Guion, for the heirs at law.
"I give and devise to my beloved wife Helen Maria (247) Champion all my real estate, consisting of several town lots in Shelby, viz: Nos. 11 12 in the Northwest square of the town of Shelby known" c.; also No. 24, in the same square, known as the Irby lot, "and also lots Nos. 11, 12 21, in the southeast square of the town of Shelby, and also my interest in lot No. 18 in the same square, known as the Ripley lot, and my interest in lot No. 14, in the southwest square known" c.
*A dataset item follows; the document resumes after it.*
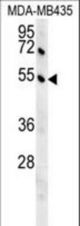 GKAP1 Antibody western blot of MDA-MB435 cell line lysates (35 ug/lane). The GKAP1 antibody detected the GKAP1 protein (arrow).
"Item 2. I give and devise to my wife all my personal estate of whatever nature; and I will and devise to my wife my interest in a tract of land known as the Nathan Hamrick tract, on which William Hamrick now lives — this tract is only one-half mine — the other half belonging to George Champion, my father. And I also will that my wife have my interest in a tract of land lying on the waters of Sandy Run, it being the tract whereon John McGuinnis now lives, should McGuinnis not pay the amount of money I hold his notes for; but if he does, my wife must make him a deed for the land.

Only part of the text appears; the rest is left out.